* **EXERCISE OBJECTIVE**: Repeat the data that follows exactly, starting at the line with "Appartamento in affitto" and ending at the line with "Padang dalane jembar", and leave out every picture.

* **SUPPLIED DATA**:
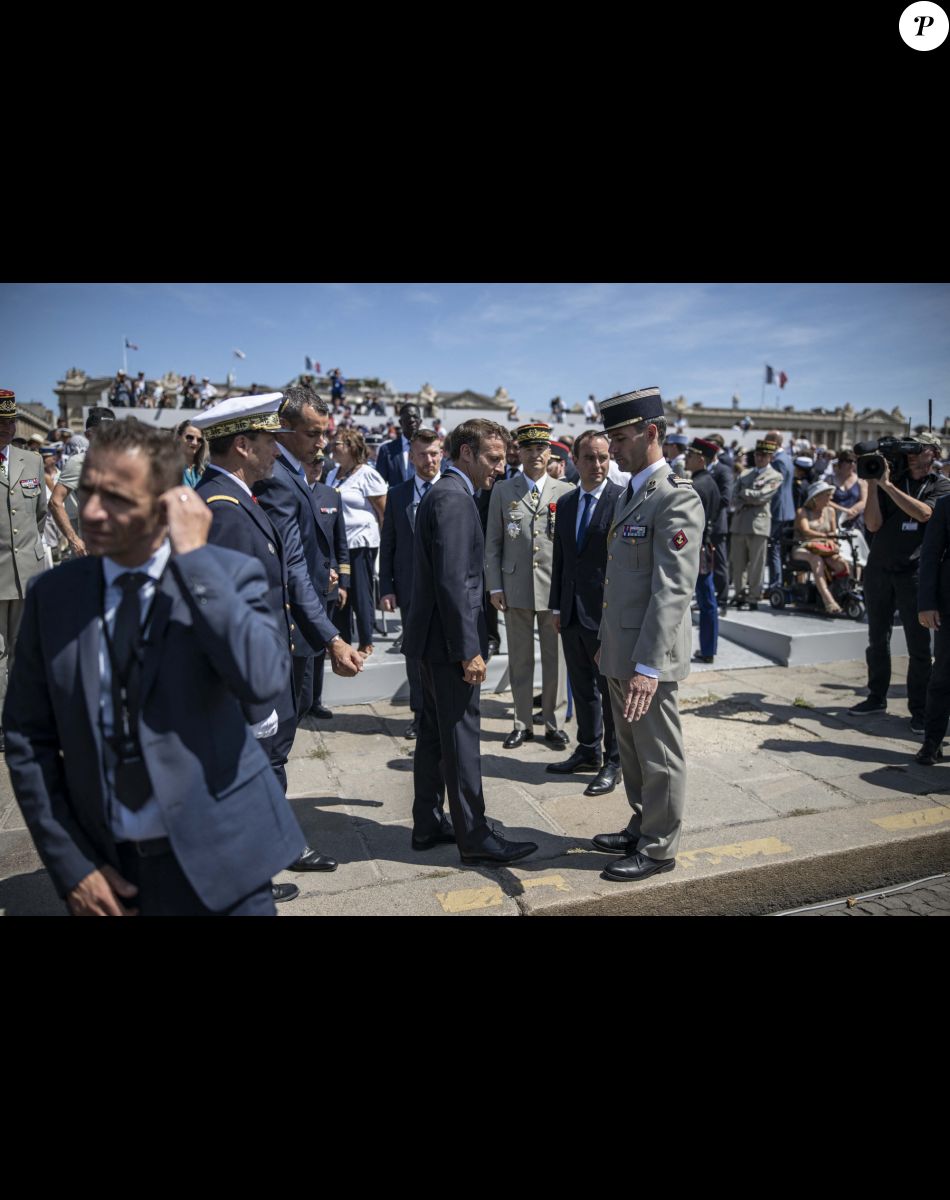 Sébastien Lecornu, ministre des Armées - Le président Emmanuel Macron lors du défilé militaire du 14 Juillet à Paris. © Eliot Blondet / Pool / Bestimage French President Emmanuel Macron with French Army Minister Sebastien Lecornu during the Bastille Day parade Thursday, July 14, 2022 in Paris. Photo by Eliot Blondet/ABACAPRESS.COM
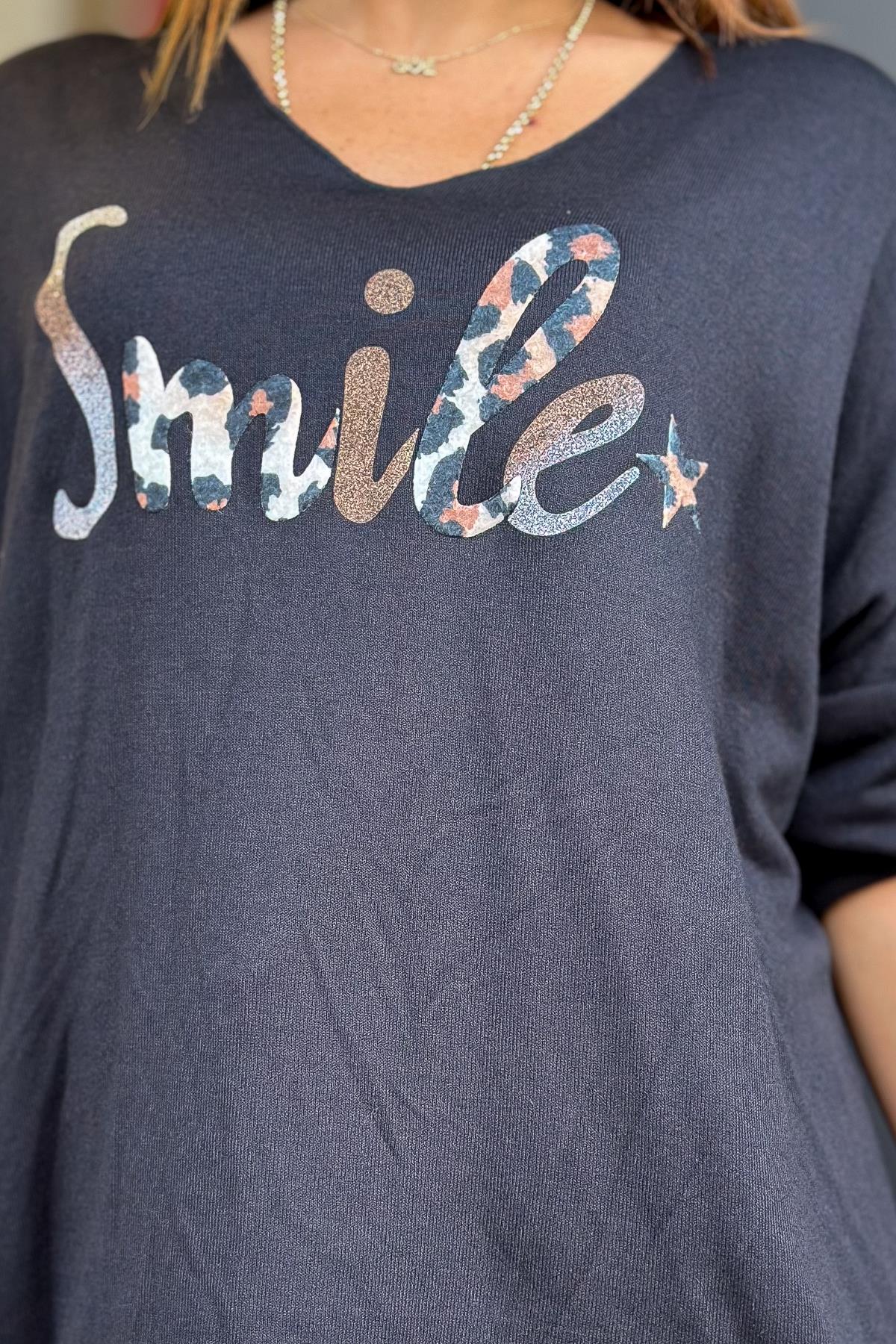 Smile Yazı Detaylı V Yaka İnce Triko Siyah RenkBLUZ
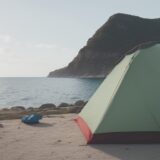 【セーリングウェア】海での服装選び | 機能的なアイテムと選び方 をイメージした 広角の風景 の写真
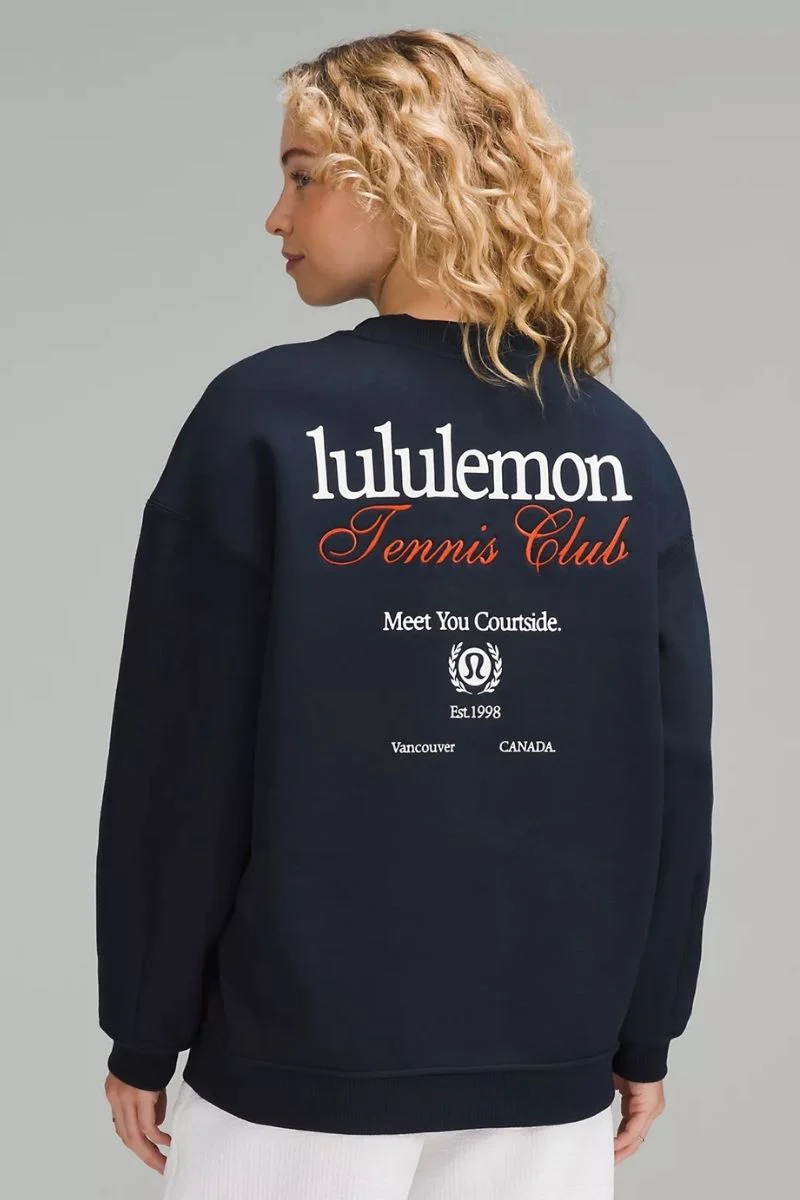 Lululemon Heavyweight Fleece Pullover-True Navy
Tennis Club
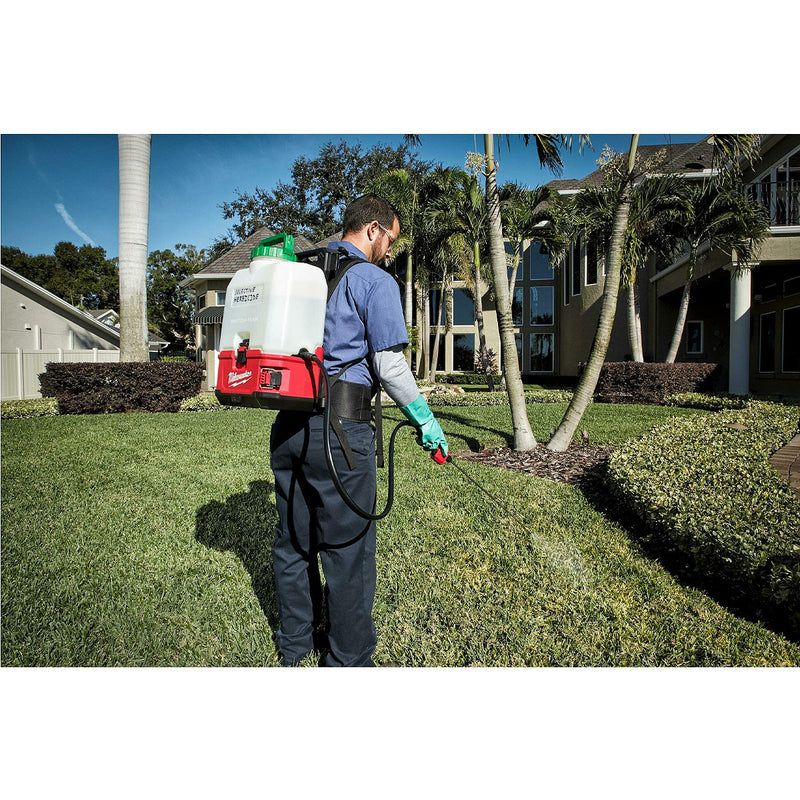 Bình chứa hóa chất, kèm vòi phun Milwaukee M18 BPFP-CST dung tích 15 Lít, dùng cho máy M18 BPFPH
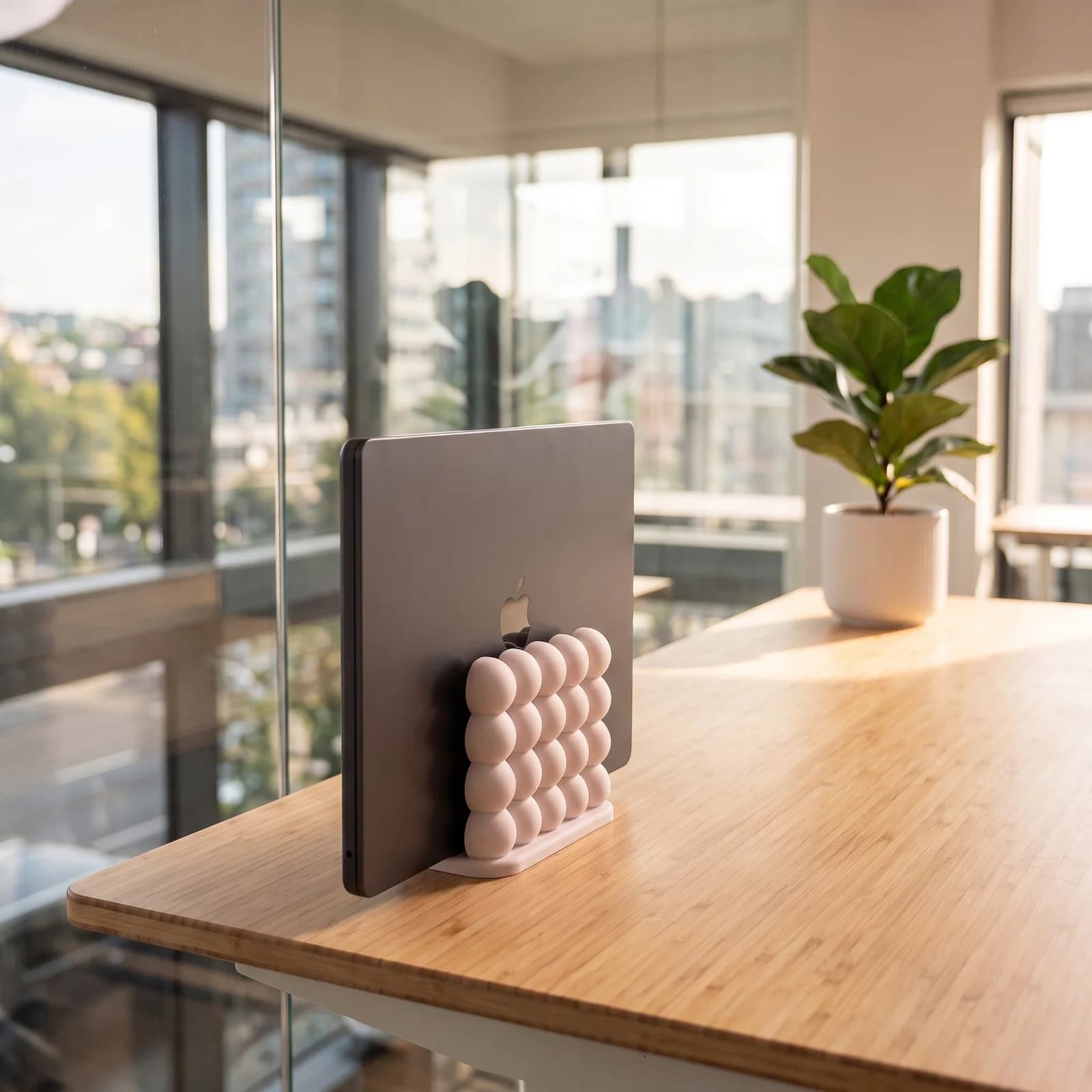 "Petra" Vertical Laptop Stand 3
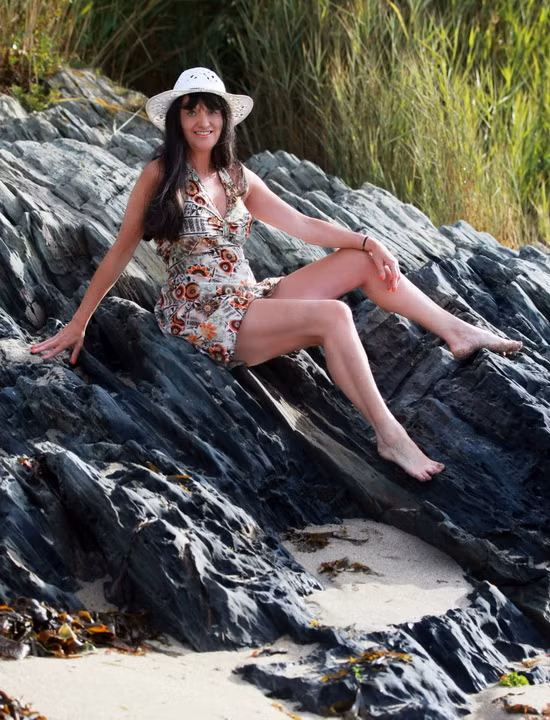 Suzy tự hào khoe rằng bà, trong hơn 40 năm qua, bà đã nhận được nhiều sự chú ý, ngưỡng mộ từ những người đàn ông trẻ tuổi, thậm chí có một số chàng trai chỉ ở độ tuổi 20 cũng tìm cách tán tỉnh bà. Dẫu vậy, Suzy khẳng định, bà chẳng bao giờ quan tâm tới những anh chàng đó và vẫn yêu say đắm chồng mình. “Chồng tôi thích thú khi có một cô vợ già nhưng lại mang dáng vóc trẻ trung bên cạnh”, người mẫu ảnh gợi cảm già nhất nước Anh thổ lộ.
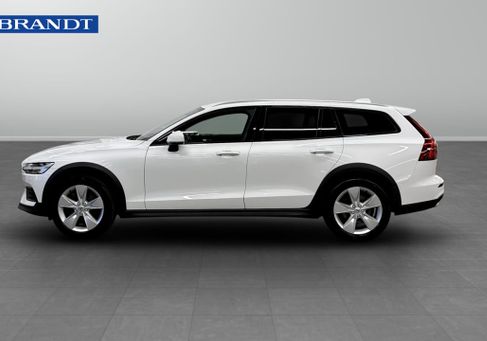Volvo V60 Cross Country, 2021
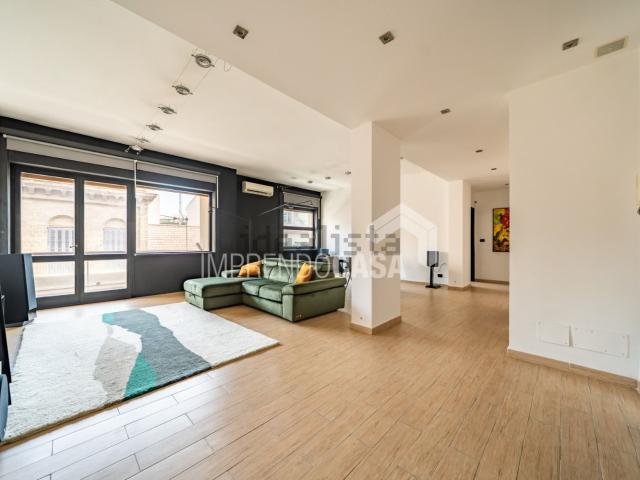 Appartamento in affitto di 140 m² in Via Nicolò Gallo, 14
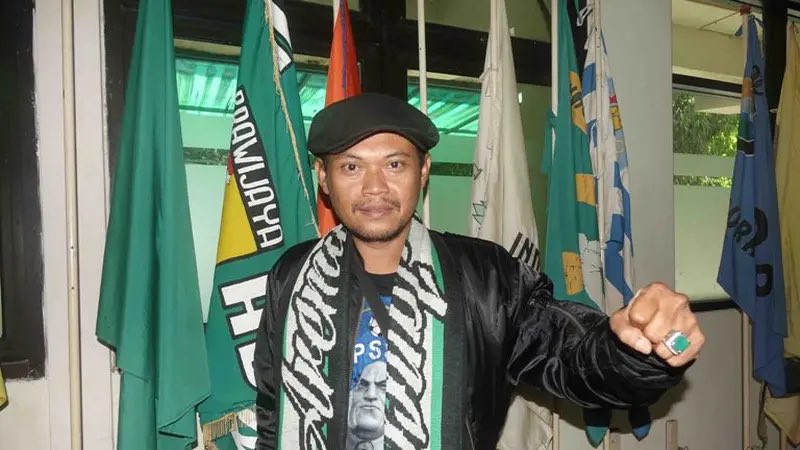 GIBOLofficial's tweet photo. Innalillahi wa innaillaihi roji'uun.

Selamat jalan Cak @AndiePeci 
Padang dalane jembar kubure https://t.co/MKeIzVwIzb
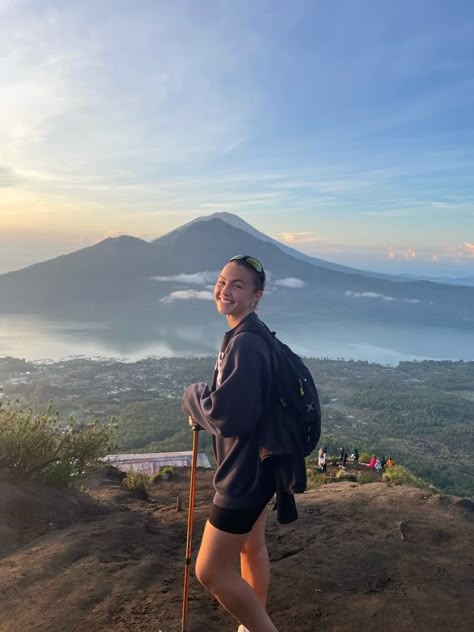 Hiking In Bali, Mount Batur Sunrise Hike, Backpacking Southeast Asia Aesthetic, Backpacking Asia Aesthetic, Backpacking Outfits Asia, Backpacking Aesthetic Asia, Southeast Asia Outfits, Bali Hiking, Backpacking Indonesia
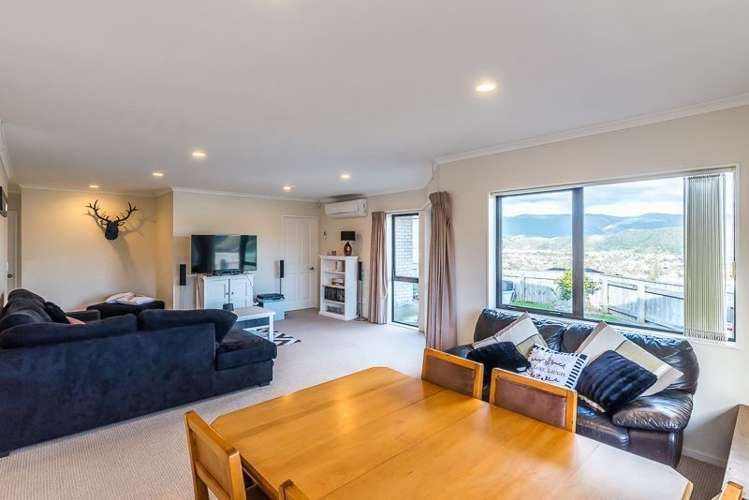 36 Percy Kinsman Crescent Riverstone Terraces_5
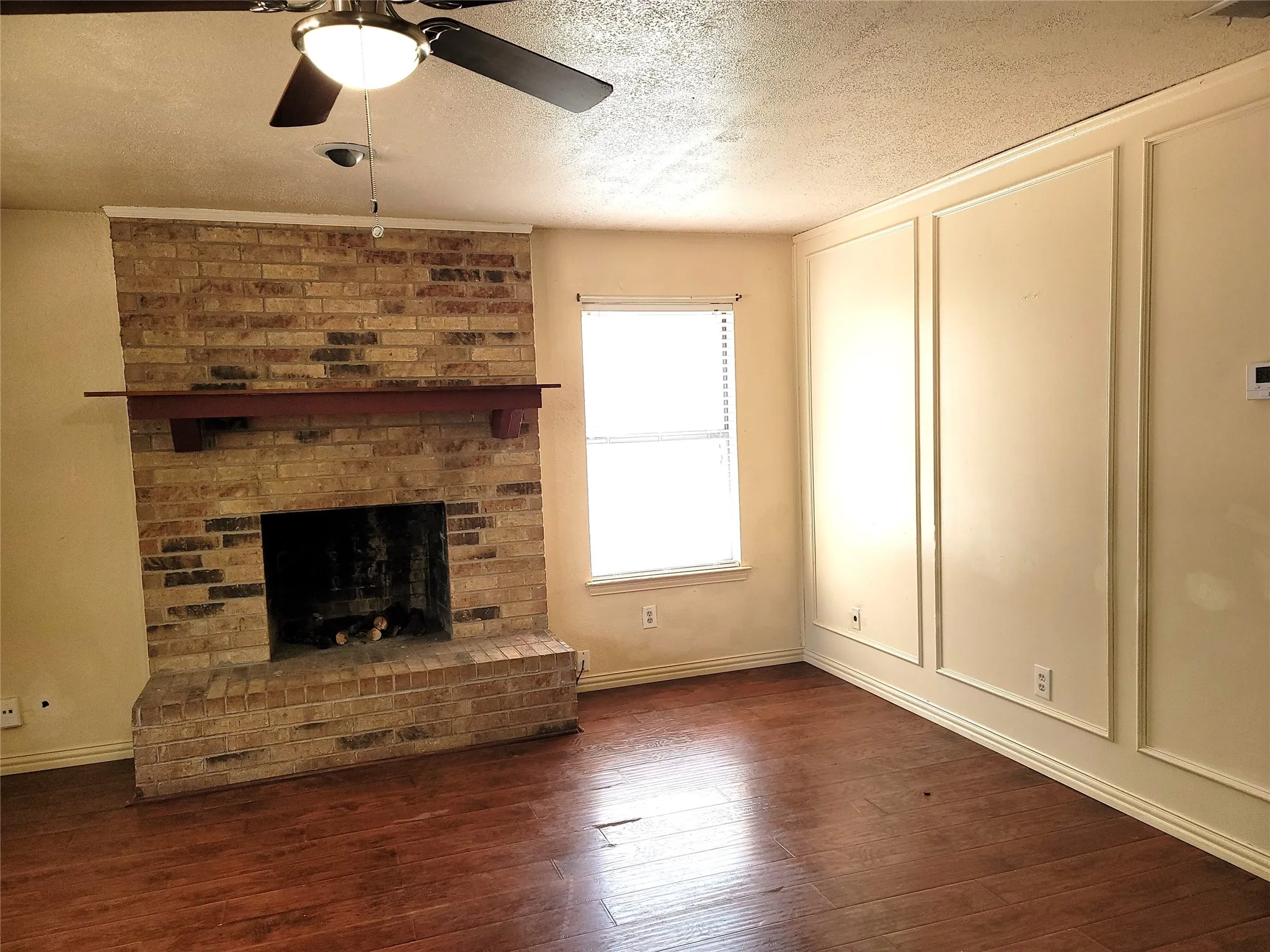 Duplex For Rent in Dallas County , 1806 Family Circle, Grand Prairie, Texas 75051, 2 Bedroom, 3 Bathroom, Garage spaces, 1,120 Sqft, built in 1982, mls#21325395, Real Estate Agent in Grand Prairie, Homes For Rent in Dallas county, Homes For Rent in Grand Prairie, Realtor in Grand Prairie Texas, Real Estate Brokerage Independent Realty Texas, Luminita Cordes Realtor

* **ANSWER SPACE**:
 Appartamento in affitto di 140 m² in Via Nicolò Gallo, 14
 GIBOLofficial's tweet photo. Innalillahi wa innaillaihi roji'uun.

Selamat jalan Cak @AndiePeci 
Padang dalane jembar kubure https://t.co/MKeIzVwIzb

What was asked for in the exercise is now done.